Apply AI-suggested optimizations

In the previous section, the agent identified three optimization opportunities:

  1. Replace std::abs with a squared-magnitude comparison to eliminate the sqrt in the hot path
  2. Replace std::complex<double> with raw double arithmetic to remove all complex operator overhead
  3. Build with -O3 to enable inlining, loop unrolling, and auto-vectorization

Rather than making these changes manually, you can ask the agent to apply each one for you. Because the Arm MCP Server connects to your remote target over SSH, the agent can edit the source files directly on the server, rebuild, and re-profile — all in a single turn. You’ll validate each change by asking the agent to compare the new profiling results against the previous run before moving on.

Note

The agent will typically surface these optimizations itself based on the profiling results, without you needing to prompt it explicitly.
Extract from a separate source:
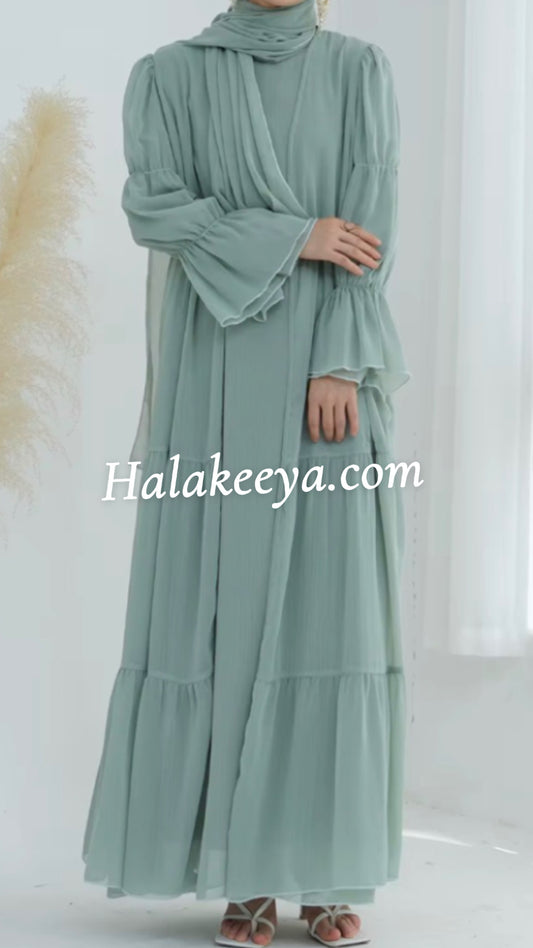 2-Piece Puff Sleeves Chiffon Abaya Set with Belt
The prompts shown in each section below are for explicit reference — you can use them if the agent hasn’t already proposed the change, or to direct it to a specific optimization.
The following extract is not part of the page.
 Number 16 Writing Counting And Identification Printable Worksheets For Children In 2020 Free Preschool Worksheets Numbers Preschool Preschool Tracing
Optimization 1: Eliminate the sqrt in the escape check

The inner loop in Mandelbrot::getIterations calls std::abs(z) on every iteration to check whether the point has escaped. std::abs for std::complex<double> computes $\sqrt{re^2 + im^2}$ via hypotf64 — a full square root on every iteration. The escape condition abs(z) > THRESHOLD is mathematically equivalent to re² + im² > THRESHOLD², so the square root is never needed.
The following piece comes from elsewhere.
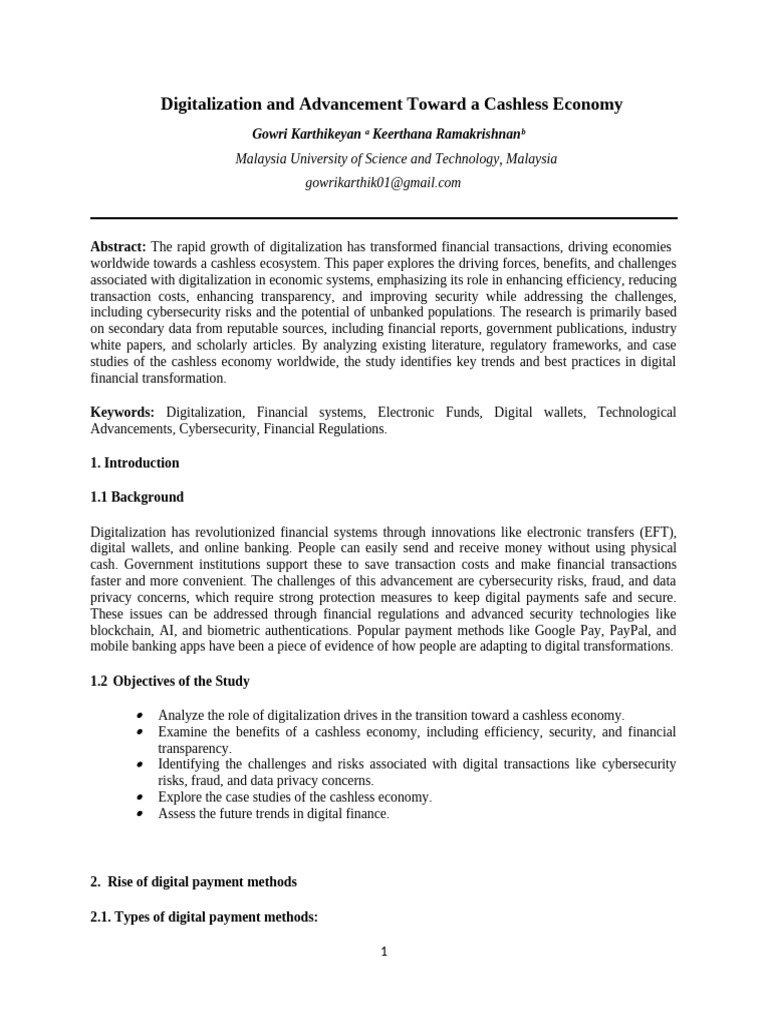 Digitalization and The Advancement Toward The Cashless Economy 1 | PDF ...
Ask the agent to apply the fix, rebuild, and re-profile in one step. If the agent hasn’t already proposed this change, use the following prompt:

    

        
        
On the remote server, replace the abs(z) > THRESHOLD escape check in
getIterations with a squared-magnitude comparison using a precomputed
threshold_sq = THRESHOLD * THRESHOLD. Rebuild the debug binary with
`make clean && make single_thread DEBUG=1`, then re-run the Code Hotspots
recipe on /home/ec2-user/Mandelbrot-Example/build/mandelbrot_single_thread_debug
and compare with the previous run. Has the proportion of samples in
__complex_abs and hypotf64 changed?

    

The agent calls arm-mcp/apx_recipe_run again and returns the comparison. The std::__complex_abs and hypotf64 symbols disappear from the hotspot list entirely. Both functions are gone because the squared-magnitude check never calls them. The hotspot distribution shifts: getIterations drops from 28.5% to 18.4% self-time, and the freed CPU budget is now visible in std::complex operator symbols. The overall sample count is slightly lower, but the profile structure reveals that std::complex operator overhead is now the next bottleneck to address.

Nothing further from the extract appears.